Rules for Stealing Stars

I’m sleepy again, on command. The sight of her makes me tired.

The opposite is true for Marla, who comes to life when Mom’s around. She throws her arms around Mom’s middle and heaves out a hefty “MORNING!”

“Not now,” Mom says. She sort of flicks Marla away with her hand. Marla’s face goes from happy to an angry frown.

“I’m going upstairs,” Marla says to all of us and none of us. Eleanor and Astrid pop to attention and scamper after her.

“Can I come too?” I call after them. “Please?” The please is pathetic, and we all know it. Mom even winces on my behalf.

“Not right now,” Astrid says. “Maybe later, okay?”

But Eleanor shakes her head like later is totally not going to happen.

“Give me a hint about what you’re doing up there,” I say. I won’t follow them if they’ll only tell me a tiny bit, let me in on even a small sip of the secret.

Astrid pauses on the stairs. She likes riddles and clues and mystery. She thinks, all dreamy, her eyes rolled up to the ceiling.
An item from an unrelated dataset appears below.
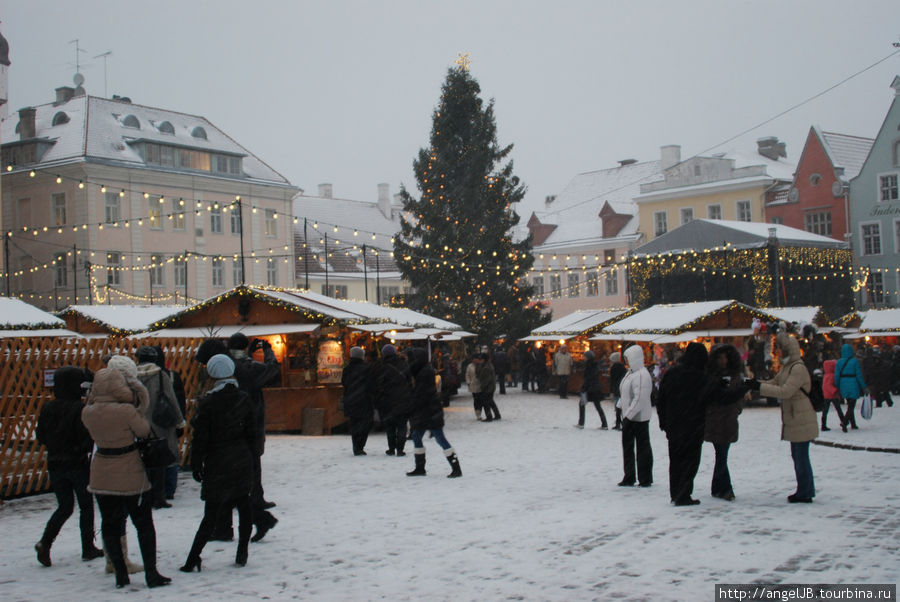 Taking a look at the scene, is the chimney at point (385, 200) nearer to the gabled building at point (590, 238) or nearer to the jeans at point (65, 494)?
the gabled building at point (590, 238)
“We’re here, but not here,” Astrid says. “We can go almost anywhere, but not move at all.” She leaps up the rest of the stairs.

I get up and half follow her, but stop myself before I’m too pathetic. I’m stranded, standing near the bottom of the stairs.

I picture monsters and dragons. I picture black holes and haunted rooms. I picture fairies and princes and treasure chests. I picture all the things I’ve always been told aren’t real, but must be.

Mom drags me back to reality, though. There is nothing more real and less magical than Mom’s dark moods.

“Your sisters should be nicer to you. I should have included my sister more,” Mom says, shaking her head at how quickly the girls ditched me.

“You don’t have a sister,” I say. Mom never talks about growing up, but I’m sure I would have heard about a sister if she’d had one.

“But I did,” she says. Her eyes are red and confused. Even as she says the words, she looks like she doesn’t believe them, and I know she’s not totally in her right mind at the moment. Usually in the mornings she’s pretty present, but not today.

“You did?” I say, one foot pointed in the direction of Astrid and Eleanor’s room, and the other foot pointed toward Mom, wanting to understand what she’s telling me.

“No. No, never mind,” Mom says. “I don’t want to talk about this now. I’m tired. I need some time alone, Silly.” It’s not the first time she’s said something strange and wrong, but it was so specific and odd, the claim that she has a sister, I have to tell Astrid and Eleanor and Marla.

We need to be in this together. They can’t leave me out here with Mom and her disconnected thoughts while they have some grand adventure.

Plus, I need to know what they’re doing up there. What secret thing the twins have been up to the last few summers, and that Marla is all of a sudden allowed to do too.





Four


Mom follows me upstairs. I thought she needed alone time, but sometimes Mom’s moods change so fast it’s hard to keep track, like she’s playing some complicated kind of Ping-Pong with herself and I’m watching, trying to keep score.

She opens the hall closet, steps in for a moment like she’s looking for towels or the vacuum cleaner, but comes out empty-handed.

“Mom? What’s in there?” I say. I’m hovering outside the twins’ room and would rather be in there, but not until Mom is tucked away in her bed for the rest of the day.

Mom runs her hands straight back through her hair. It is fine and unwashed, so the strands stick and don’t fall back into place. She sighs, a rickety sound that smells and sounds like cigarette smoke. She promised she would stop smoking.

“You think something’s wrong with me!” she says. Her lips wobble. Her hands shake. She doesn’t usually explode in my direction. I’m not important enough to explode at. “You think I’m a terrible mother. I don’t understand why you hate the family so much.”

“I didn’t mean it,” I say, but I’m stuck doing a strange math, the kind that is way too advanced for me. I don’t have any idea how we got from me asking what she’s doing to her being a terrible mother, but I’m squinting and counting on my fingers and speeding up my mind, trying to figure it out. “You’re a great mom! I love the family. I wanted to hang out with the girls. I wanted to make sure you didn’t need help with chores or anything. I didn’t mean to be rude.” I’m talking fast and loud and pretty much praying that my sisters will hear me and save me.

They don’t.

“I’ve done the best I can,” Mom says. She hangs her head and I imagine an enormous eraser, big enough to erase everything I’ve ever said that makes her feel this way.